1¾ cups all-purpose flour
2 tablespoons potato starch
1 teaspoon baking powder
1½ teaspoons ground ginger
¾ teaspoon kosher salt
¾ cup butter
3 ounces cream cheese
1½ plus ¼ cup sugar, divided
2 teaspoons fresh ginger, minced
2 tablespoons grated orange zest
2 tablespoons + ⅓ cup orange juice, divided
¼ cup cream, whipped to soft peaks
- Bring all ingredients to room temperature and preheat oven to 350 degrees.
- Sift together flour, potato starch, baking powder, and ground ginger.
- In a mixer, combine butter and cream cheese with a paddle until smooth.
- Add 1½ cups sugar, fresh ginger, and orange zest to the bowl and mix until light in color.
- Scrape down sides of bowl and add eggs one at a time, mixing between additions.

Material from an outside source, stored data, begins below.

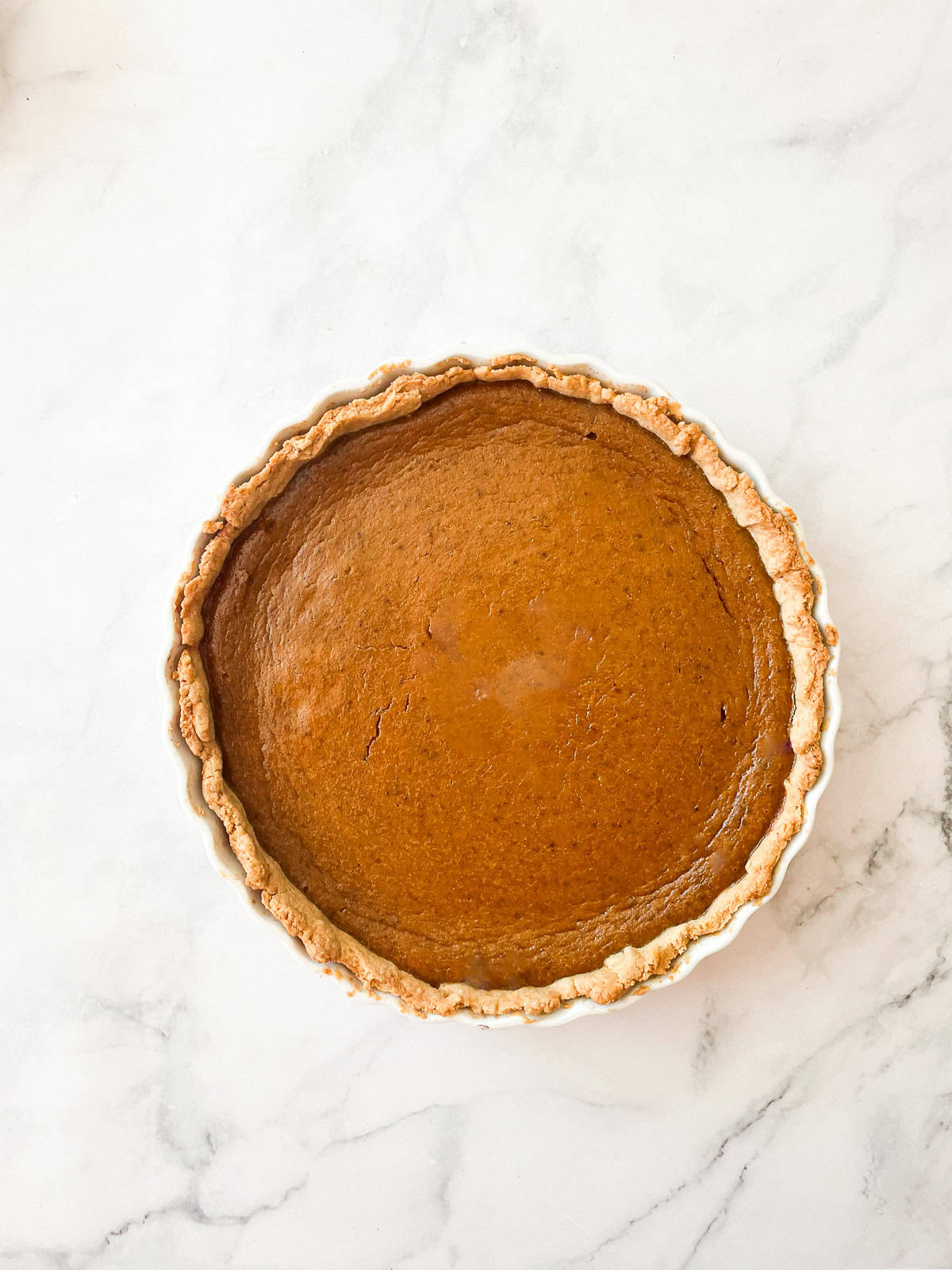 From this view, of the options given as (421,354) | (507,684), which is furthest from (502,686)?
(421,354)

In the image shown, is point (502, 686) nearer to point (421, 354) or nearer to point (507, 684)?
point (507, 684)

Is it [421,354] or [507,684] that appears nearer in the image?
[507,684]

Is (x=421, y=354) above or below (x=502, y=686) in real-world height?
above

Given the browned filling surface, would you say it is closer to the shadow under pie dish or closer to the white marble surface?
the shadow under pie dish

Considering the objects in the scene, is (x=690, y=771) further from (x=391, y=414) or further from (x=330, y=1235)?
(x=330, y=1235)

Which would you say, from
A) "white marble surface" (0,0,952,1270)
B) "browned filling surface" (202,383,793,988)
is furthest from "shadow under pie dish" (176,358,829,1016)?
"white marble surface" (0,0,952,1270)

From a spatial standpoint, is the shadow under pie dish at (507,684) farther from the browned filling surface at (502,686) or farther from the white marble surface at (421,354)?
the white marble surface at (421,354)

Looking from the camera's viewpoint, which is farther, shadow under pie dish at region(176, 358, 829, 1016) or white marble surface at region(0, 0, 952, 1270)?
white marble surface at region(0, 0, 952, 1270)

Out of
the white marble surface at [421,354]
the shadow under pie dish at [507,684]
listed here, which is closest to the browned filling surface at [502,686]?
the shadow under pie dish at [507,684] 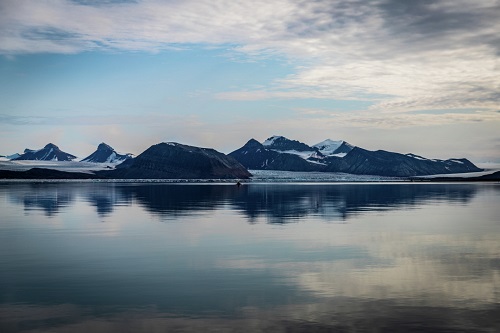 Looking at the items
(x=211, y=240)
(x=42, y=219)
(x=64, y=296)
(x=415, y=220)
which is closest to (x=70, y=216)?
(x=42, y=219)

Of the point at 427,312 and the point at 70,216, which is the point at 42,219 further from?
the point at 427,312

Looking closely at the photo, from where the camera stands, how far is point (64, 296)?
1451 cm

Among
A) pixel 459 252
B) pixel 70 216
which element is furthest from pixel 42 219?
pixel 459 252

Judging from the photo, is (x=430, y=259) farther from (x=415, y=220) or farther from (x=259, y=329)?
(x=415, y=220)

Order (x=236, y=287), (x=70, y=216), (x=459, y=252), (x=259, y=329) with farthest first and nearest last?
(x=70, y=216)
(x=459, y=252)
(x=236, y=287)
(x=259, y=329)

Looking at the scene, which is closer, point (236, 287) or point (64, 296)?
point (64, 296)

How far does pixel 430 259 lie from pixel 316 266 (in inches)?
183

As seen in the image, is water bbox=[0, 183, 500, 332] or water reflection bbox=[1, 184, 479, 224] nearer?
water bbox=[0, 183, 500, 332]

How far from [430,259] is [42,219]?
26519 millimetres

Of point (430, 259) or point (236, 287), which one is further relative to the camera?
point (430, 259)

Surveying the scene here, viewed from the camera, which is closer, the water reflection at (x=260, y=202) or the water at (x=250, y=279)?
the water at (x=250, y=279)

- Scrape down sides of bowl again. Add ½ of the dry ingredients, then add 2 tablespoons orange juice, and then add other half of the dry ingredients.
- Remove bowl from mixer. Fold in ⅓ of the whipped cream and once combined, fold in remaining whipped cream until just combined.
- Pour batter into 2 greased 8½” x 4½” loaf pans.
- Bake for 50 minutes or until a toothpick inserted into the middle comes out clean. Repeatedly poke top surface of cake with a toothpick, creating many small holes.
- For the glaze, combine ⅓ cup orange juice with ¼ cup sugar in a small saucepan and bring to a boil over medium heat. Cook until sugar has dissolved, then pour hot mixture over cakes.
- Let cakes cool and remove from pan. Wrap in parchment paper and finish with a bow as a lovely presentation for your favorite host or hostess.